Aim is to provide a generic class for manupulating graphs and networks on disk.
The final goal is to provide:
* compatibility with networkx;
* tools dedicated to perform searches into on graph stored on (local or remote) Disk;
* evaluating complex queries by interfacing with on disk databases.

In order to keep the class versatile and simple to use,
we define abstract class to overload with methods dedicated to handle
specific "ondisk" technologies.

Examples include:
* naive implementation on RAM;
* SQLite local implementation;
* PostgreSQL implementation;
* Cassandra distributed implementation (TODO);
* Any efficient database implementing abstract functions
will do but to get acceptable performance, some tuning with
a dedicated work on index and data representation have to be
done.

Efficiency of the package heavily relies on the implementation.
From PostgreSQL implementation, the package inherit ACID transactions
and concurrent access to the graph by several clients.

The package however provides some examples of generic implementation
in SQL as well as methods for improving searches and (TODO) support
of query languages.

## The Graphs abstraction methods

## Searches

Searches in graphs can be an intensive task when it come to very large
graphs. Few methods exists to index data in order to find path and
subgraphs between nodes.
Furthermore, those searches can be restricted by filter and automaton
aggregation (TODO) using datas that labels every node.

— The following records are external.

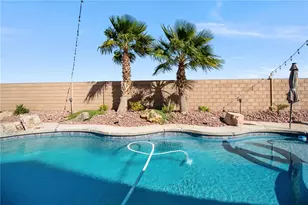 6114 S Shelby Rd, Fort Mohave, AZ 86426 - Photo 62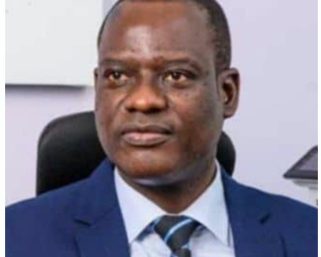 Tax Prosperity, Not Poverty: Oyedele’s Roadmap to Nigeria’s $1trn Economy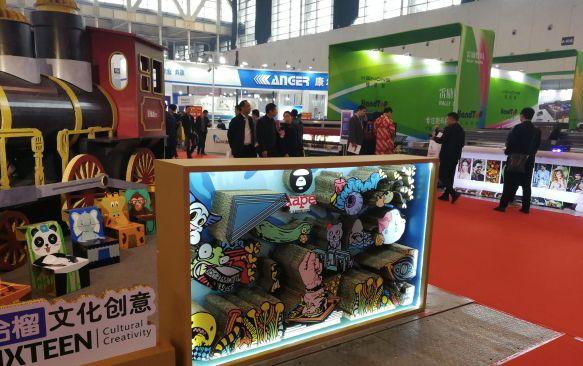 拍摄海外汽车品牌广告，跨越文化与技术的双重挑战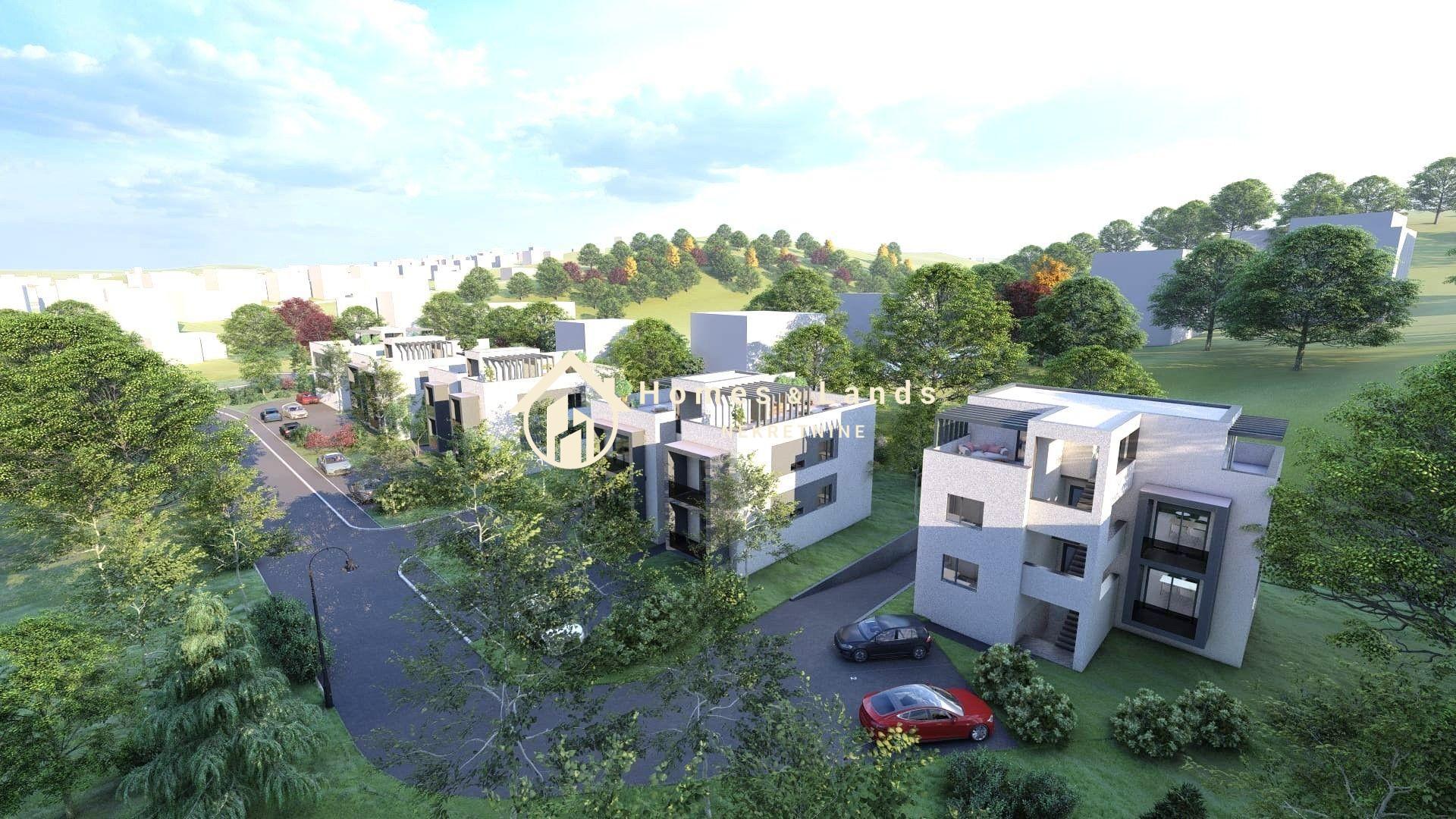 434_4_1746463962jpgresizeoriginal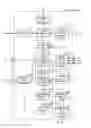 Fig. 01 - Exhaust purification device for internal combustion engine and method for controlling the device
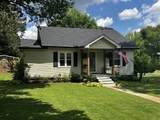 330 Patterson Rd - Photo 2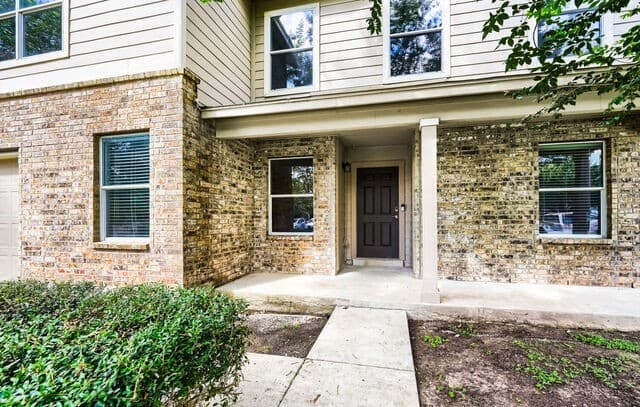 117 Gatewood Clf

In this package, searches return an intermediate data-structure, called
a _multilayeredDAG_. From a multilayeredDAG, it is easy (linear) to
compute paths, to enumerate shortest paths and to count the number of
paths.

## Embedding
(TODO)

The NetworkDisk package offer some methods to compute some topology,
called embeddings, for a given network.
Some of the computations are intensive and require a lot of RAM and
are not suitable for dynamic graphs, others can be performed directly
on disk and may also be maintained under update.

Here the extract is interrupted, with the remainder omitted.